Antynagroda “Fossil of the Day”, którą “uhonorowano” Polskę już podczas pierwszego dnia Szczytu Klimatycznego ONZ 2018 w Katowicach, w wolnym tłumaczeniu brzmi “Skamielina Dnia”. Fakt jej wręczenia nie stawia Polski w zbyt dobrym świetle, tym bardziej że jako gospodarz powinna świecić przykładem.

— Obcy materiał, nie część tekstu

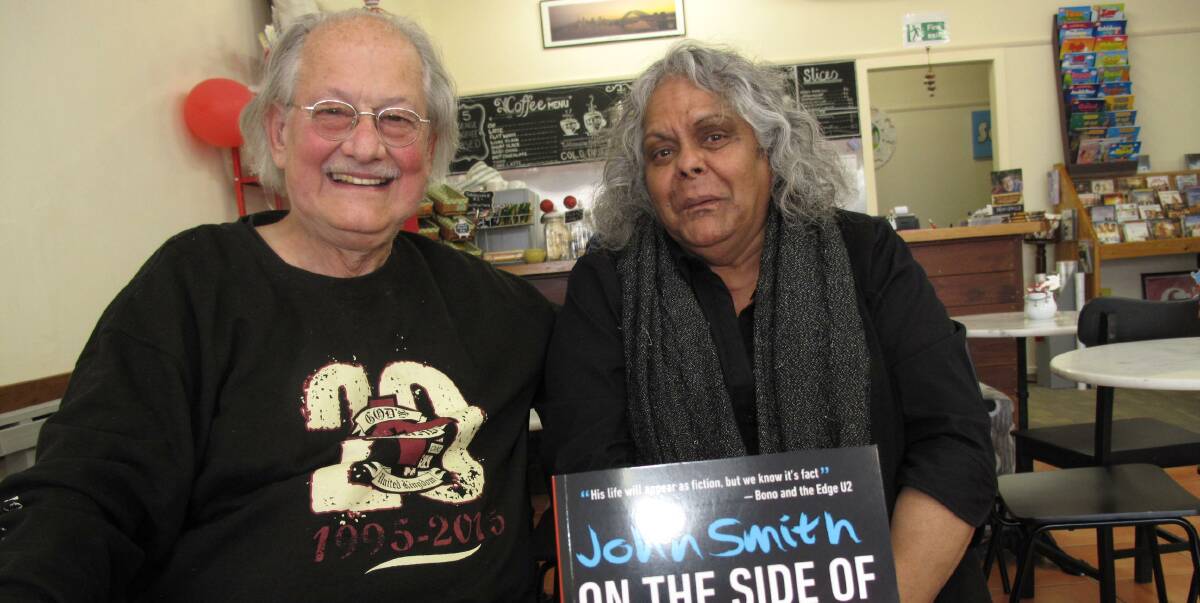 Still on the road: God's Squad founder Reverend John Smith with Libby Clarke in Warrnambool where he promoted the reprint of his book. Picture: Everard Himmelreich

"Fossil of the Day” przyznawana jest każdego dnia konferencji tym państwom, które - według słów prezentera - “robią jak najwięcej, by zrobić jak najmniej”. Podczas celem konferencji jest opracowanie planu ograniczenia emisji CO2, Polska wyróżniła się negatywną postawą takich zmian, ponieważ:
- Partnerami Szczytu Klimatycznego jest Polska Grupa Górnicza i Jastrzębska Spółka Węglowa
- Cała konferencja odbywa się w zagłębiu węglowym
- Zaledwie chwilę przed rozpoczęciem Szczytu Prezydent Andrzej Duda w przemówieniu podkreślił, że węgiel i górnictwo są jednymi z podstaw polskiej ekonomii
Oczywiście nie tylko nasz kraj jest odpowiedzialny za obecną sytuację. Sekretarz generalny ONZ, António Guterres’, na zakończenie swojego przemówienia podczas ceremonii otwarcia powiedział: “Zmiana klimatu to nasz najważniejszy problem (…) ciężko więc pojąć, dlaczego wciąż idziemy zbyt wolno – a nawet w złym kierunku”.
Szczyt Klimatyczny ONZ 2018 – oczekiwania
Konferencja potrwa do 14 grudnia. Jej celem jest przyjęcie konkretnej strategii zmierzającej do wywiązania się z zobowiązań Porozumienia Paryskiego. Czego dotyczą?
W 2015 roku w stolicy Francji 195 państw zobowiązało się do podjęcia działań w celu zatrzymania globalnego ocieplenia na poziomie o 1,5-2°C wyższym od tego sprzed epoki przemysłowej. Czego to wymaga w ogólnym założeniu?
Wedle słów sekretarza generalnego do roku 2050 dwie trzecie światowej produkcji energii ma pochodzić ze źródeł odnawialnych. "Jakieś 75 procent infrastruktury potrzebnej [do realizacji tego planu] czeka jeszcze na wybudowanie”.
Czy można żywić nadzieję, że wynikiem szczytu będzie wzrost wsparcia dla domowych instalacji fotowoltaicznych, na przykład w formie [dotacji](https://fotowoltaikaonline.pl/dotacje)? Czy sytuacja zmieni się również w naszym kraju? To się okaże.
A co, jeśli się nie uda?
Jakie będą skutki, jeśli ludzkość nie zdoła zawrócić z obranego dawno kursu? Lista poważnych konsekwencji jest naprawdę długa.
Z mapy zniknie wiele małych wysp, które już dzisiaj mają ogromne problemy z niszczącymi huraganami. Na całym świecie wzrosną koszty opieki zdrowotnej. Ludność z terenów nadbrzeżnych będzie musiała migrować na inne tereny. Nadmorskie metropolie (Amsterdam, Nowy York, Gdańsk) przestaną istnieć w takiej formie, w jakiej znamy je obecnie. A brak wody pitnej spowoduje ogromne problemy w miejscach oddalonych od wybrzeży, wręcz katastrofę, jeśli mówimy o tak zaludnionych krajach, jak Chiny.